Short descriptive text snippets:
+ + + + + + +
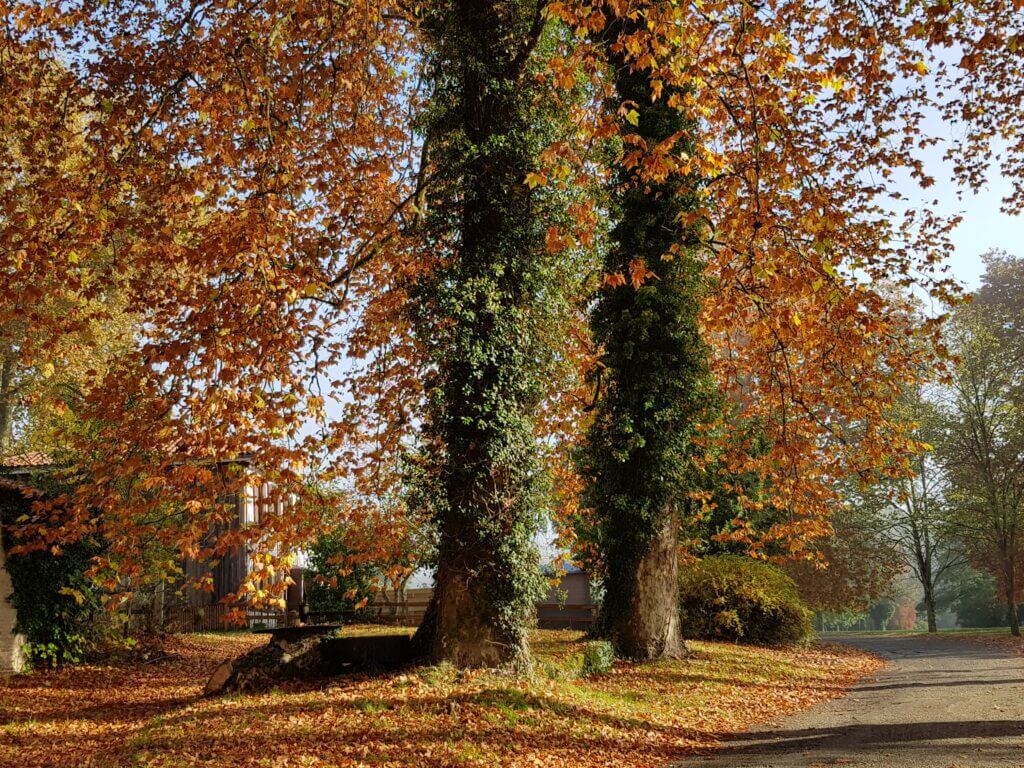 Circuit des Forges Quartier des Forges (4)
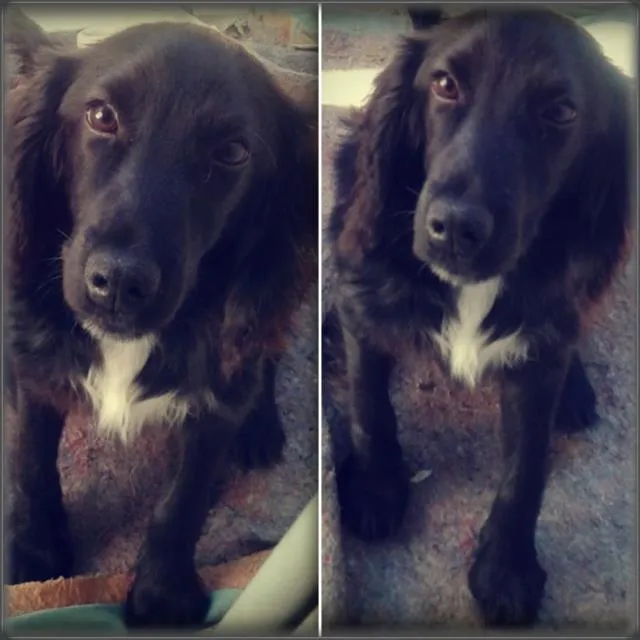 Cachorro ra a cocker spaniel idade 7 a 11 meses nome Lucky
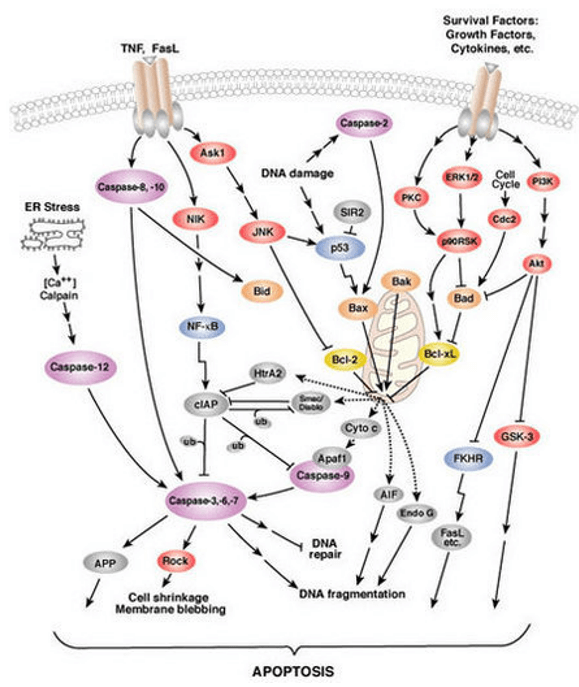 Pyroptosis Signaling Pathway Detection Service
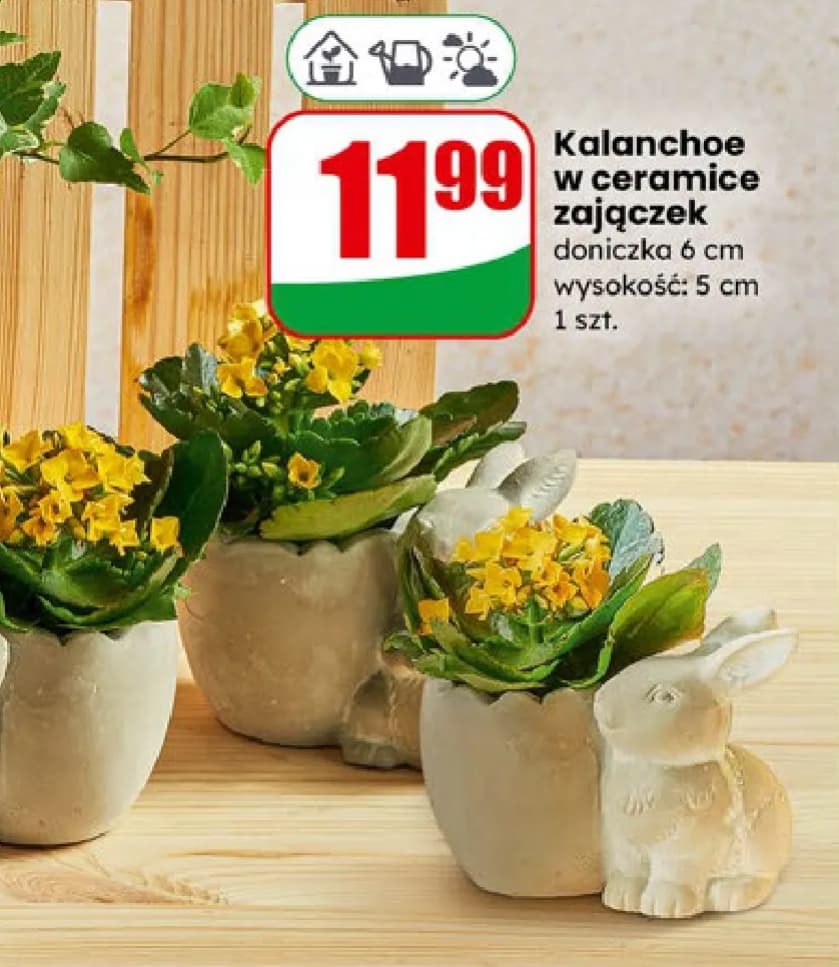 kalanchoe w ceramice zajączek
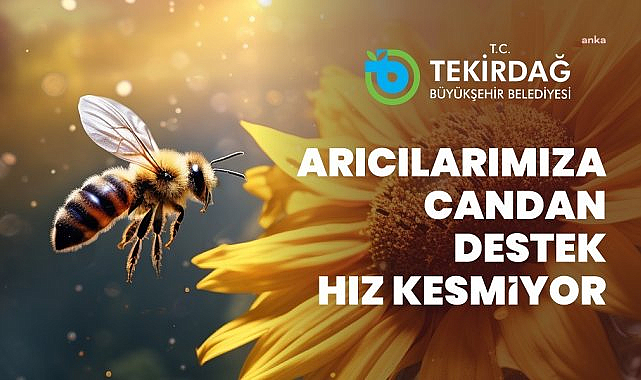 Tekirdağ Büyükşehir Belediyesi'nin "Arı Yaşam Gücü Projesi" için başvurular başladı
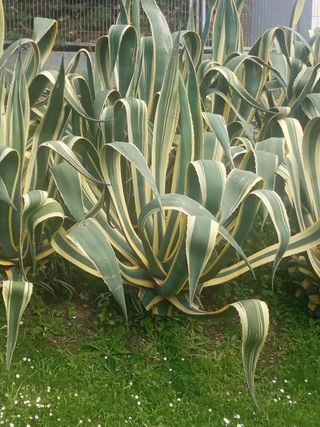 JARDINERO GORDEXOLA GUEÑES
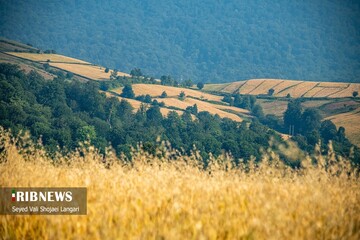 برداشت گندم از مزارع استان مازندران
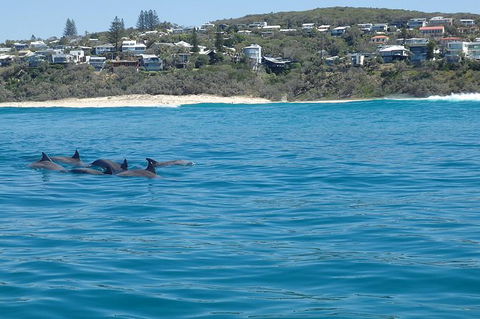 Noosa Wild Dolphin Safari - New South Wales Tourism  1
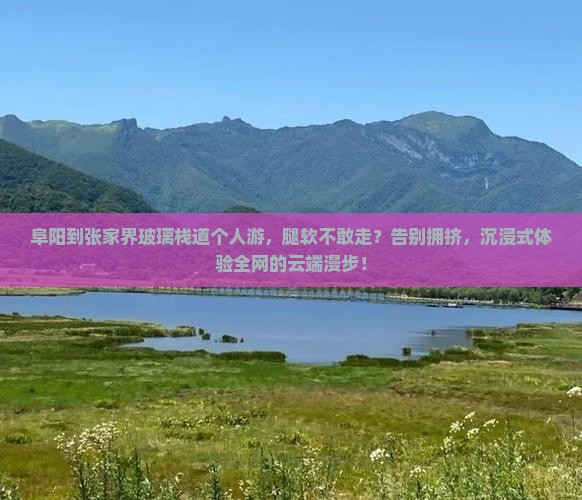 阜阳到张家界玻璃栈道个人游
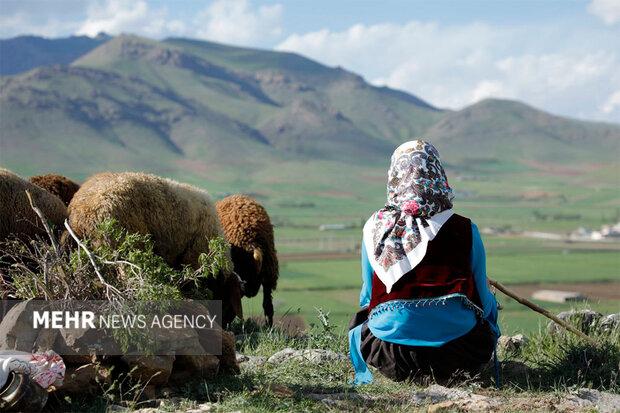 «دشت می‌خواند» به تدوین رسید/ حمله گرگ و تصمیم دختر چوپان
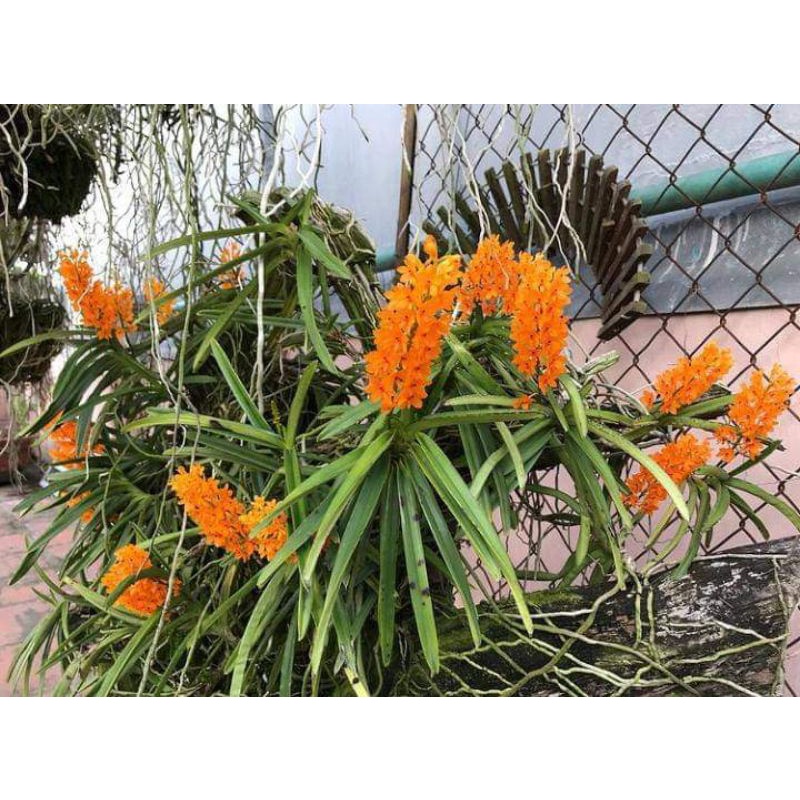 Tanaman Anggrek  asco vanda mini dewasa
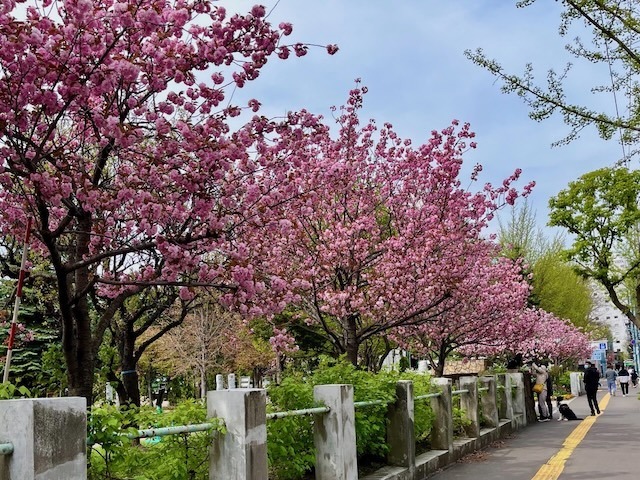 240505yaezakura5.jpeg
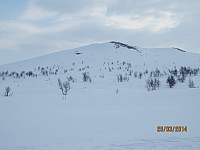 Vardeknappen sør for Svarttjern var dagens første topp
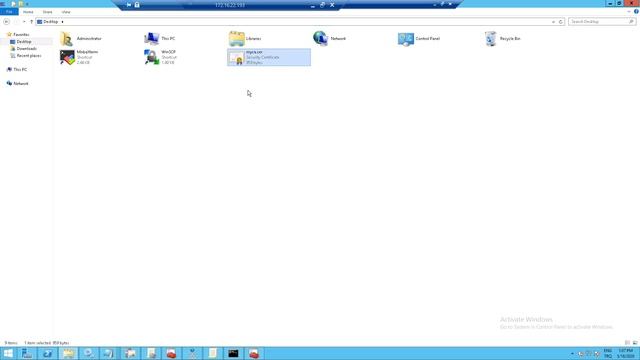 IBM Resilient SOAR Platform: Internal CA signed certificate configuration смотреть онлайн
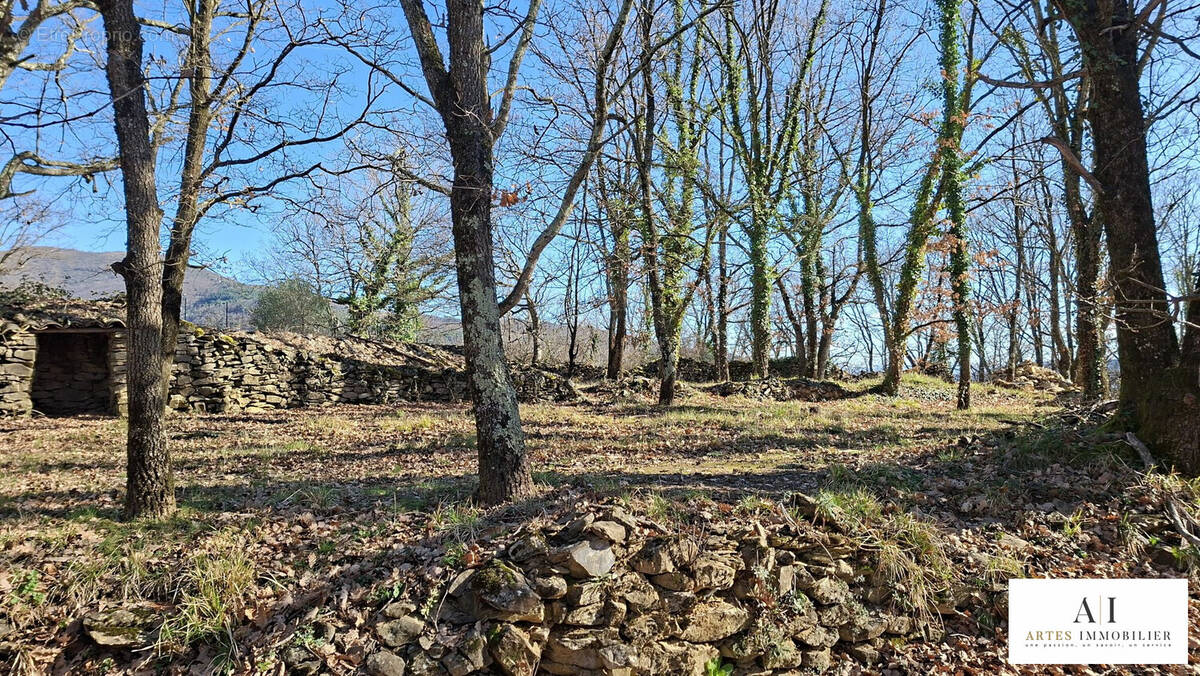 Terrain à COUX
+ + + + + + +
--- Task brief ---
Set down the data again, exactly, without images.

--- Answer section ---
 Circuit des Forges Quartier des Forges (4)
 Cachorro ra a cocker spaniel idade 7 a 11 meses nome Lucky
 Pyroptosis Signaling Pathway Detection Service
 kalanchoe w ceramice zajączek
 Tekirdağ Büyükşehir Belediyesi'nin "Arı Yaşam Gücü Projesi" için başvurular başladı
 JARDINERO GORDEXOLA GUEÑES
 برداشت گندم از مزارع استان مازندران
 Noosa Wild Dolphin Safari - New South Wales Tourism  1
 阜阳到张家界玻璃栈道个人游
 «دشت می‌خواند» به تدوین رسید/ حمله گرگ و تصمیم دختر چوپان
 Tanaman Anggrek  asco vanda mini dewasa
 240505yaezakura5.jpeg
 Vardeknappen sør for Svarttjern var dagens første topp
 IBM Resilient SOAR Platform: Internal CA signed certificate configuration смотреть онлайн
 Terrain à COUX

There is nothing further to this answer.